Selon le texte « tous les actes intentionnels impliquant la communication, le contact, la propagande, la conclusion de contrats ou la coopération, directement ou indirectement, par des personnes physiques ou morales de nationalité tunisienne avec toutes les personnes physiques et morales, affiliées à l’entité sioniste », sont punissables.

Toute interaction est également interdite aussi aux Tunisiens avec « les individus, les institutions, les organisations, les entités gouvernementales ou non gouvernementales » liés à Israël, « à l’exception des Palestiniens de l’intérieur ».

« Participer à des activités, événements, manifestations, réunions, expositions, compétitions, qu’elles soient politiques, économiques, scientifiques, culturelles, artistiques ou sportives, se déroulant sur le territoire occupé ou contrôlé » est aussi passible de sanctions.

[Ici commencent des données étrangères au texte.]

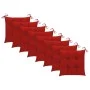 Garden chairs 8 units solid teak with red cushions by vidaXL, Garden chairs - Ref: Foro24-3072938, Price: 497,79 €, Discount: %
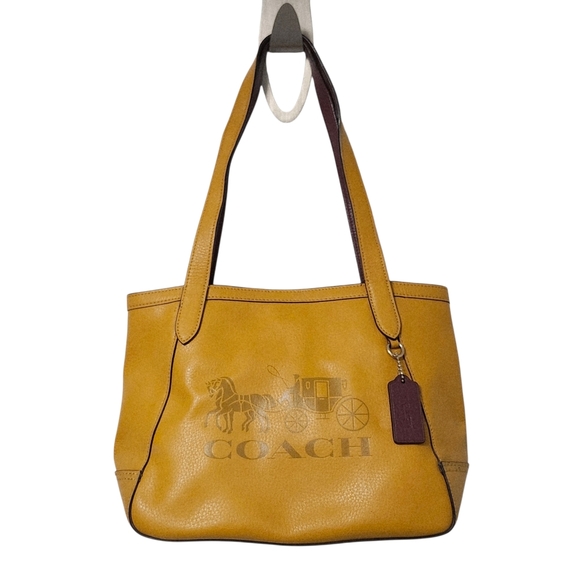 COACH Leather Colorblock Horse  & Carriage Handbag Purse - Picture 4 of 17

En Tunisie, le soutien à la cause palestinienne est ancré dans l’histoire du pays. Tunis a abrité de 1982 à 1994 l’Organisation de libération de la Palestine (OLP) de Yasser Arafat après son départ du Liban. En octobre 1985, l’aviation israélienne avait procédé à un bombardement massif du quartier général de l’OLP à Hammam-Chott, tuant 50 dirigeants de l’OLP et 18 citoyens Tunisiens.

Dans de nombreux discours, le président Kaïs Saied a qualifié à plusieurs reprises la normalisation avec Israël de « haute trahison ». Le locataire de Carthage a également chargé son ministre des Affaires étrangères, Nabil Ammar, de formuler une réserve sur les décisions de la réunion extraordinaire du Conseil de la Ligue arabe qui s’est tenue mercredi 11 octobre au Caire. « La Palestine n’est pas un dossier ou une affaire dans laquelle il y a un plaignant ou un défendeur, mais c’est plutôt le droit du peuple palestinien qui ne peut être prescrit ou annulé par l’occupation sioniste par le meurtre, le déplacement et la coupure des éléments les plus fondamentaux de la vie, comme l’eau et les médicaments, la nourriture et l’électricité et ciblant les personnes âgées, les femmes et les enfants innocents, les maisons, les hôpitaux et les équipes de secours et d’ambulance », a souligné M. Saïed.

Depuis le début des frappes israéliennes contre Gaza, des milliers de Tunisiens ont aussi manifesté en soutien aux Palestiniens.